Un pacto de civilidad electoral podría ser tan absurdo como el que se llevaría entre ciudadanos y autoridades, por ejemplo, para cumplir el reglamento de tránsito. ¿Es necesario hacer un compromiso público de que los conductores de vehículos respeten y le den prioridad a los peatones? ¿Es necesario plasmar la firma en un documento para comprometerse a no pasarse los altos o estacionarse en lugares prohibidos?
Las normas que establecen las instituciones en un régimen democrático —y que están enmarcadas por una Constitución Política— se escribieron para cumplirse. ¿Por qué? Porque la ley es la ley. Y esta frase no es una simple redundancia. Es el mejor modelo que tenemos para lograr la mejor convivencia posible, con una sociedad diversa y plural.
En contraste, hay pactos que sí son de suma relevancia. En materia económica hemos tenido varios, desde los tiempos en que gobernaba Miguel de la Madrid. Los acuerdos pueden ser complementarios a lo que dice la ley y su relevancia es mayor en escenarios de crisis. Los acuerdos o consensos, entonces, trascienden los beneficios en términos de imagen.
A diferencia de los que se hacen en campaña, los pactos postelectorales responden mejor a los intereses y expectativas de la ciudadanía. Se llevan a cabo cuando los resultados de las elecciones impiden o dificultan la gobernabilidad. En los regímenes parlamentarios es frecuente experimentar escenarios así.
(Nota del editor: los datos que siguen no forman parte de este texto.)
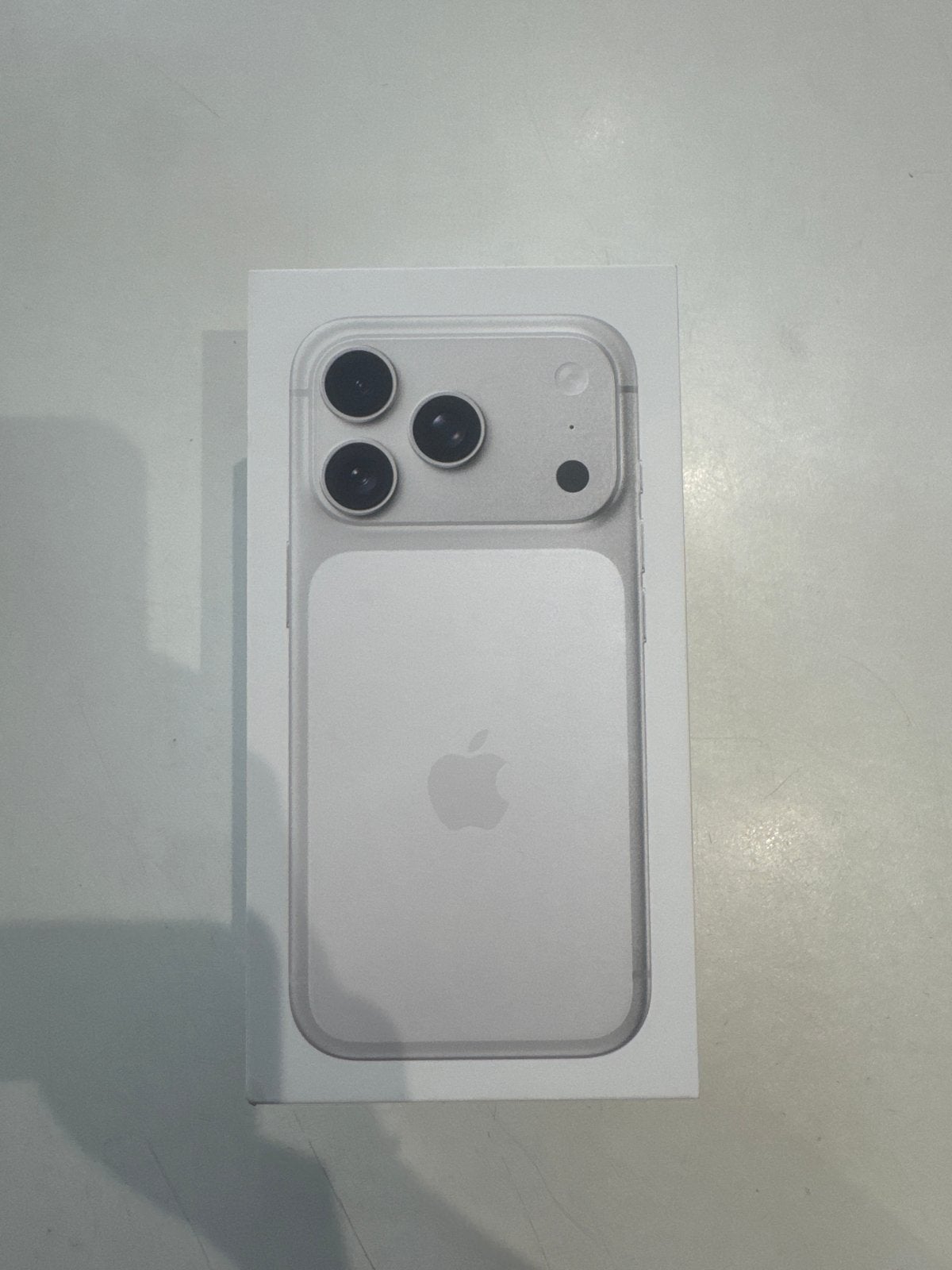 iPhone 17 Pro 256GB Zilver Nieuw en Geseald, 256 GB, Nieuw, Ophalen of Verzenden, Zonder simlock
Una de las expresiones más interesantes está en la necesidad de formar gobiernos de coalición. En nuestro país hay una resistencia a nombrarlos de esa manera, aunque de facto se han tenido que conformar durante los períodos de alternancia. La ventaja que tienen para vigilar su cumplimiento está en dos grandes valores de la democracia: la transparencia y rendición de cuentas.